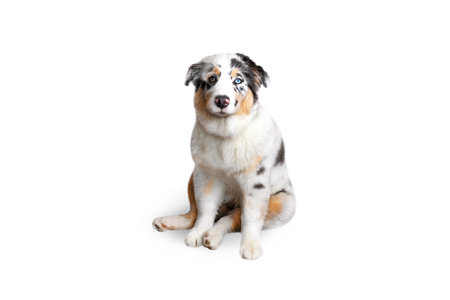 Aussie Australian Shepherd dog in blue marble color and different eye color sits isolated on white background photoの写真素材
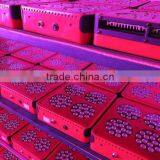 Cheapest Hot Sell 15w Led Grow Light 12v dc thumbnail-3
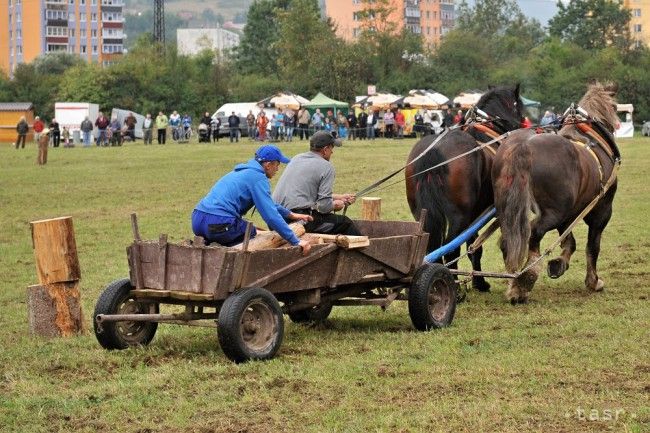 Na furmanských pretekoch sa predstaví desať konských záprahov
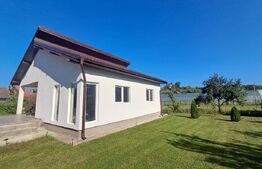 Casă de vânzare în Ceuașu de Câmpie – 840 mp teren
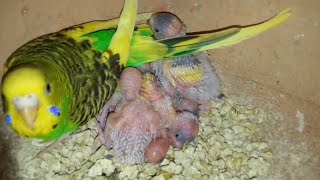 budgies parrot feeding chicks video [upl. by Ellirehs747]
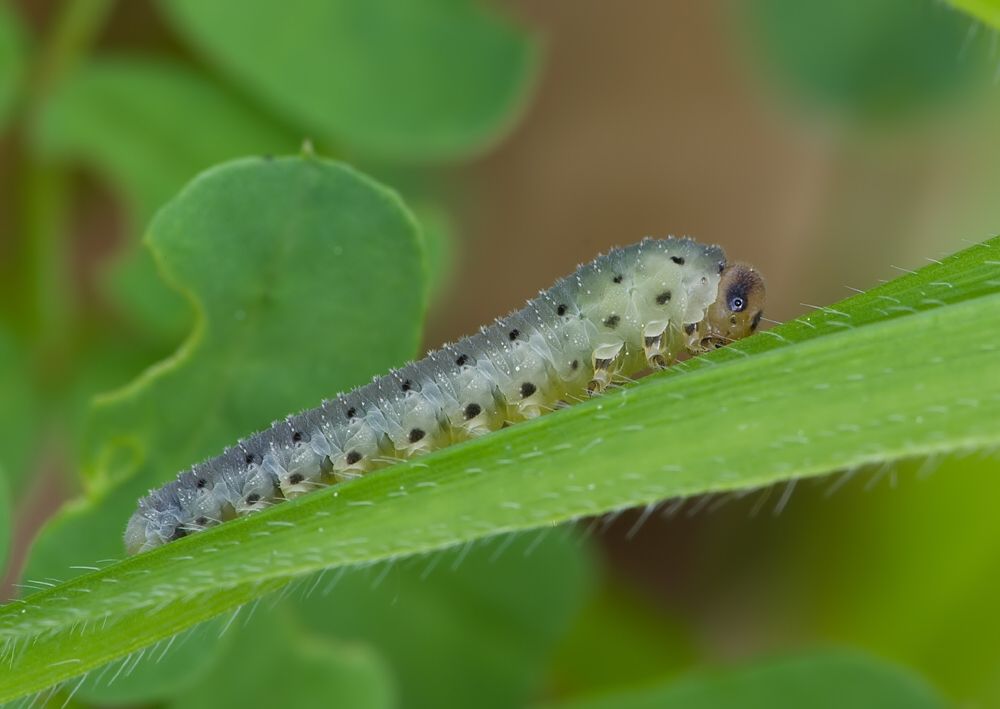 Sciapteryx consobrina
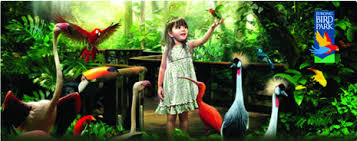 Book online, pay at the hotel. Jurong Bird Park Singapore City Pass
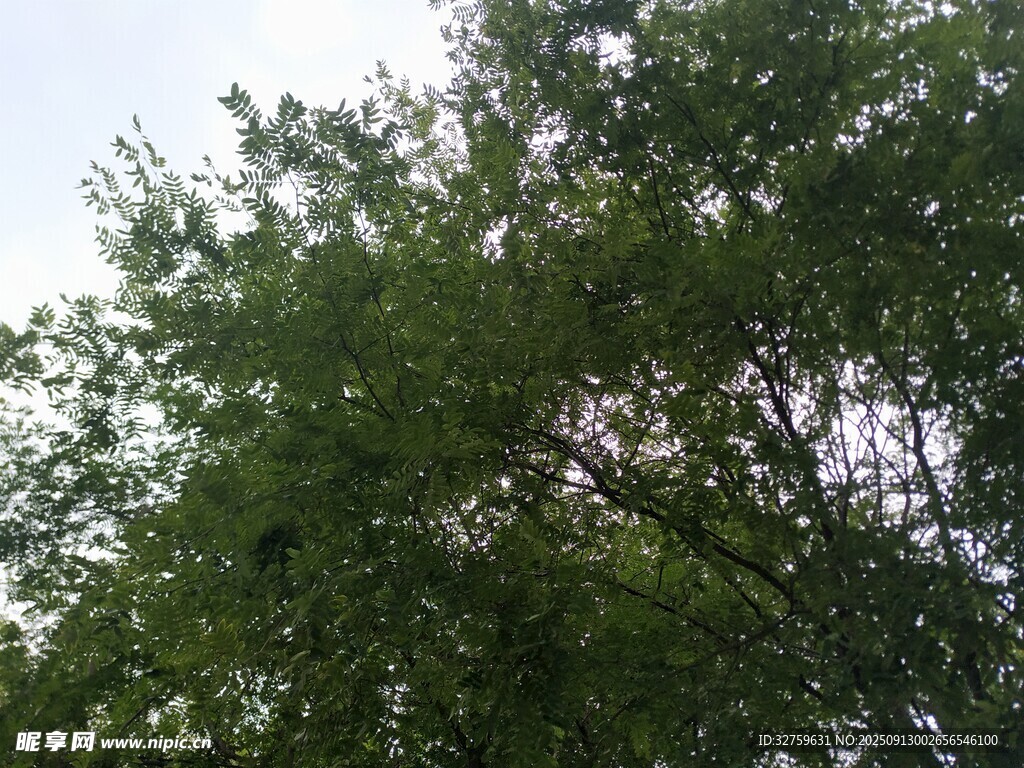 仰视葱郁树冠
□ □ □ □
YOUR OBJECTIVE | Every line of the material must be returned exactly; leave the images out.

RESPONSE TO THIS TASK |
 Aussie Australian Shepherd dog in blue marble color and different eye color sits isolated on white background photoの写真素材
 Cheapest Hot Sell 15w Led Grow Light 12v dc thumbnail-3
 Na furmanských pretekoch sa predstaví desať konských záprahov
 Casă de vânzare în Ceuașu de Câmpie – 840 mp teren
 budgies parrot feeding chicks video [upl. by Ellirehs747]
 Sciapteryx consobrina
 Book online, pay at the hotel. Jurong Bird Park Singapore City Pass
 仰视葱郁树冠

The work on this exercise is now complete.